Ensuite on vient trois semaines en Alsace. Le 14 on est sur Paris, le 16 on joue la France à Charlety et ensuite le 20, toujours à Charlety, le Canada.
Le 21, on part à Sao Paulo car le Bureau Central des Sports a privatisé un complexe sportif qui est à 1 heure de Rio en avion, un peu comme le Pré Catelan à Paris où tous les athlètes chinois qui vont venir aux JO, se serviront de ce centre, de ce sas, pour peaufiner la préparation, tranquille, avant d’aller au village Olympique. Ce sera un moment fabuleux car on pourra se retrouver ensemble et échanger. »
Cela va faire une belle dynamique ? Ce match face à l’équipe de France, c’était pour éliminer toute médiatisation excessive plus tard ?
« On se prend pas la tête. On a pas de pression. Le match contre l’équipe de France (avantages/inconvénients). Pour moi, c’est un match de préparation.

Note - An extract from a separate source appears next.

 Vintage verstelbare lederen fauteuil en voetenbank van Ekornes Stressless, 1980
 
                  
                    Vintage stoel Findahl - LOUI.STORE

On a profité que l’on était en stage ici et cela nous a évité d’aller à l’étranger pour faire des matches amicaux. C’est bien que le Président de la Fédération ait accepté cela et qu’il ait accepté aussi de nous organiser Chine-Canada.
On a tout sur place. On est bien et on va profiter de se préparer sereinement.
Tu sais, les médias pendant les jeux, c’est tellement réduit à une petite portion. Avec le CIO, les médias ne sont pas tous les jours au stade. Après on attaque tous les trois jours. Tu as des jours de récupération où il n’y a pas de points presse. Le lendemain, tu as conférence de presse avant match, après le match et après, c’est tout. »
Le village, c’est quelque chose !
La France, en 2012, n’avait pas pu vivre dans le village olympique, jouant dans le Nord de la Grande-Bretagne, éloignée de Londres.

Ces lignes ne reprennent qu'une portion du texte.